No entiendo del todo la sorpresa. No la entiendo por la trayectoria de Elena, siempre proclive al paternalismo, incluso al caudillismo: ahí su admiración por AMLO, con cierres de Reforma incluidos, narrados en Amanecer en el Zócalo, o su canto de amor al Güero Medrano, modelo de intransigencia maoísta y caciquismo marxiano, en No den las gracias.

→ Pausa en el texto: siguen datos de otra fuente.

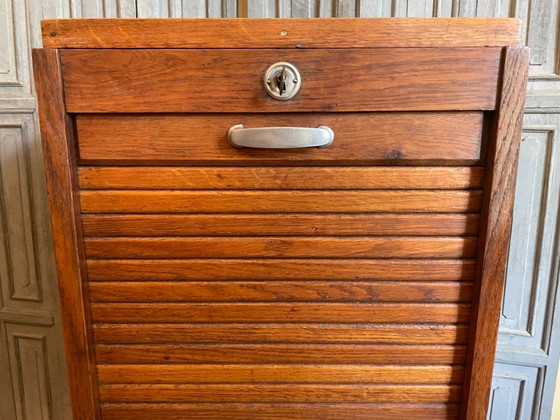 Image 1 of Armoire à volet roulant, classeur, meuble à musique, français
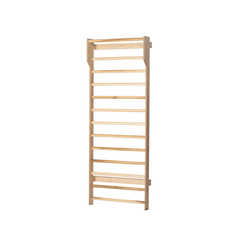 Wood Swedish Ladder Stall Bar for PSSE Therapy; Oval Rungs - PSSE Bars 1PoplarBeyond BalanceFitness and Physical Therapy EquipmentRecovAthlete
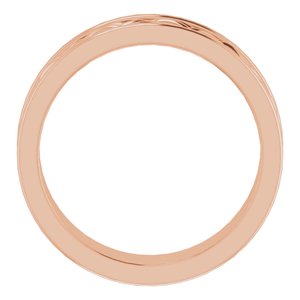 10k Yellow Or White Or Rose Gold Woven-Design Comfort-Fit Flat Band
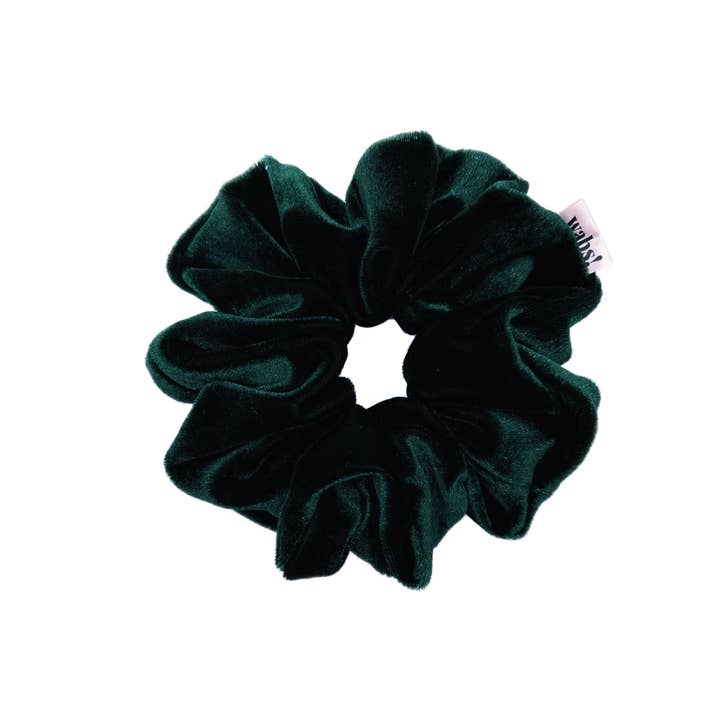What a bun! - Wholesale Scrunchie - Women's - Waldgrünes Samt-Haargummi1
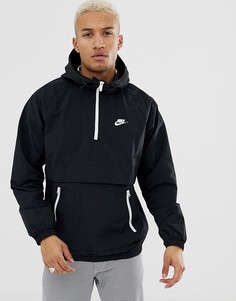 Черная тканая куртка Nike - Черный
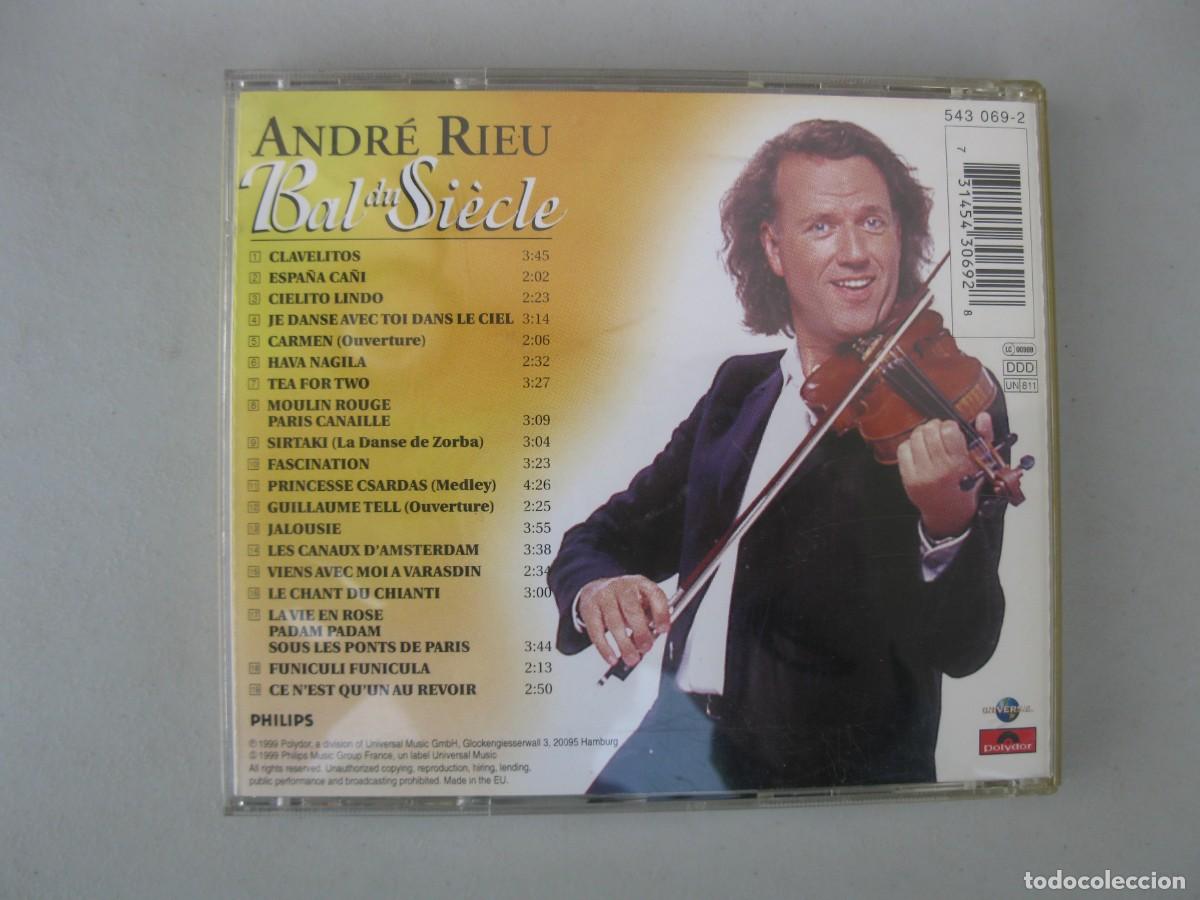 CDs de m&uacute;sica: LOTE DE 5 CED&Eacute;S DE ANDR&Eacute; RIEU. - Foto 7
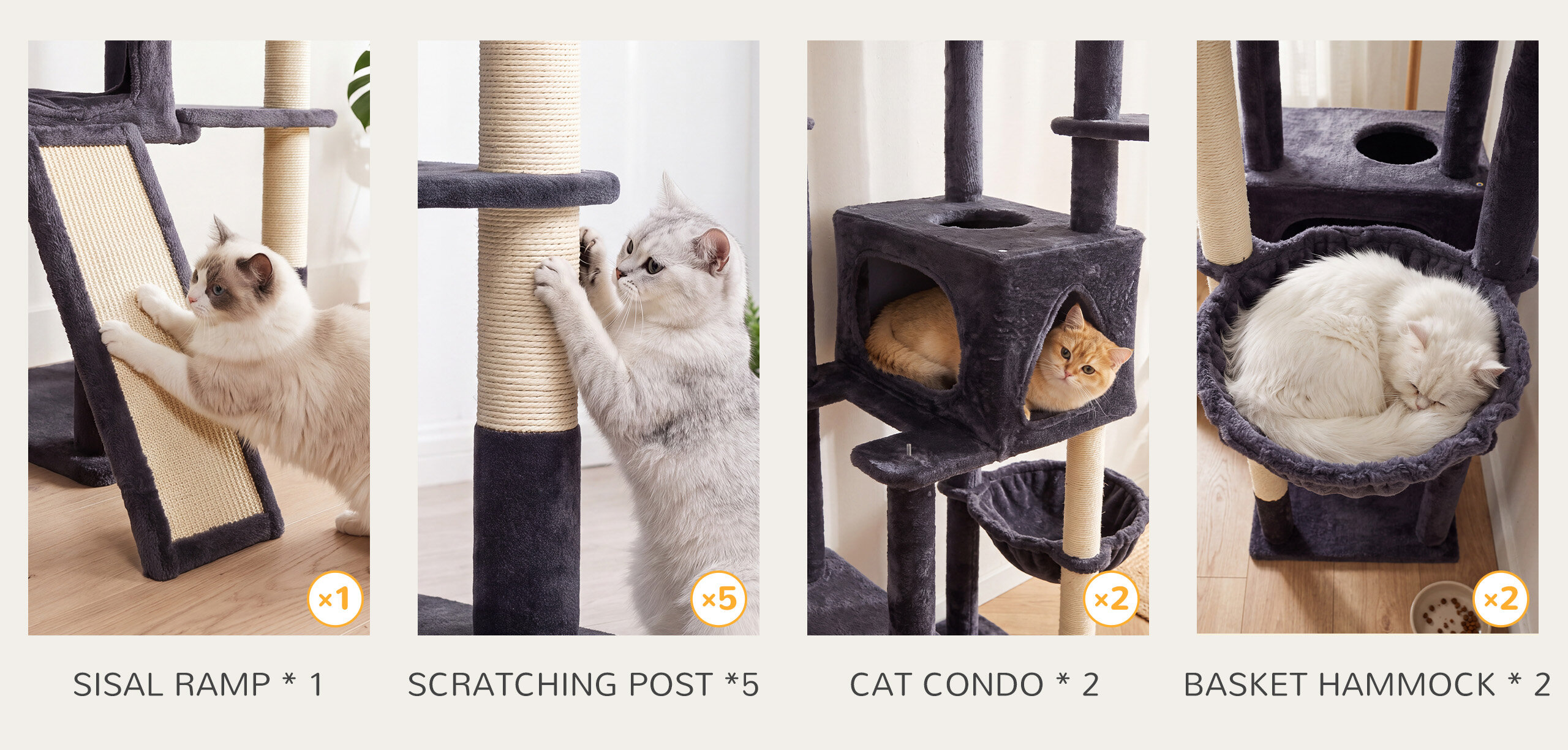 Five resting territories, so nobody waits on the floor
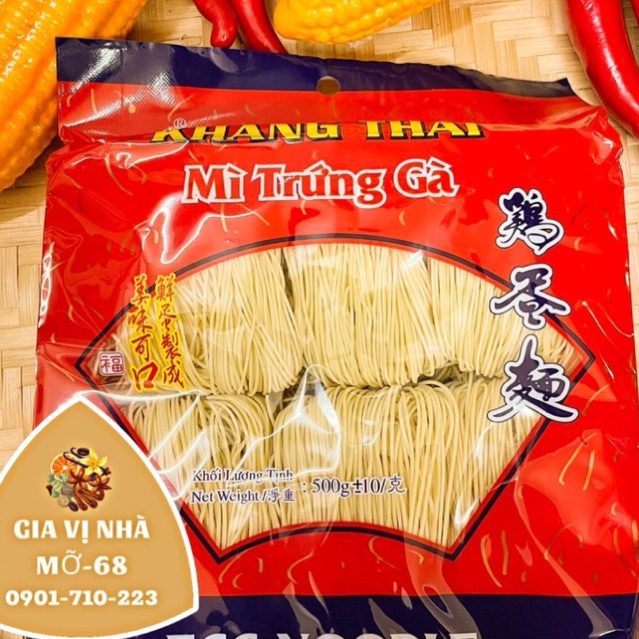 MÌ TRỨNG GÀ HIỆU KHANG THÁI 500GR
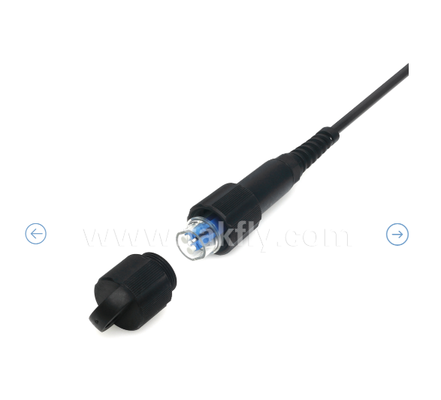 IP67 عازل المياه LC-LC ثنائي التصحيح السلك               مُصنّف للخارج ، كابل GYFJH ، جاهز للبيئات الصعبة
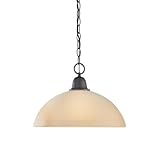 By-Thomas Lighting Fenwick Painted Bronze One-Light Traditional Pendant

Y no la entiendo por la tradición hegemónica de la izquierda mexicana, que llega a la conciencia social por la vía de la condescendencia mucho, pero mucho más a menudo de lo deseable. ¿No es condescendiente lo del “pueblo bueno” de López Obrador, como cualquier expresión que incluya la palabra “pueblo”? ¿No es paternalista la falsa sumisión del Subcomandante Marcos a “la comunidad”, o la prohibición del alcohol en zona zapatista porque al parecer lo que podemos permitirnos los criollos citadinos no pueden permitírselo los indígenas? ¿Nadie ha leído La Jornada, para no hablar de trivialidades como las crónicas de Tryno Maldonado (no completas, por Dios, no hace falta: 15 líneas)? ¿Alguien le ha puesto atención a lo que decía Samuel Ruiz? Comparten todos la esencia molesta del pronto de Elena en Juchitán. Esa ambigüedad, incluso esa contradicción entre el discurso pobrista, el del presunto enaltecimiento de lo “popular”, lo “originario” o lo “comunitario”, y la realidad de una superioridad intelectual de criollo ilustrado que se cuela como agua entre las grietas, tiro por viaje.

 

No nos escandalicemos en exceso: ni ese pronto ni aun sus raptos antidemocráticos en Reforma invalidan el valor de buena parte de la obra de Elena Poniatowska, o sus aportaciones auténticamente democráticas –que las tiene, porque es, como todos, contradictoria–, ni hay nada ni de nuevo ni de aceptable en esa condescendencia que a lo mejor, algún día, nos quitamos de encima. O se lo quitan: algunos creemos que en Juchitán y en donde sea la chela y la panza son una decisión individual, particularísima, como la quinoa y el té verde. De ciudadanas y ciudadanos. No de pueblo.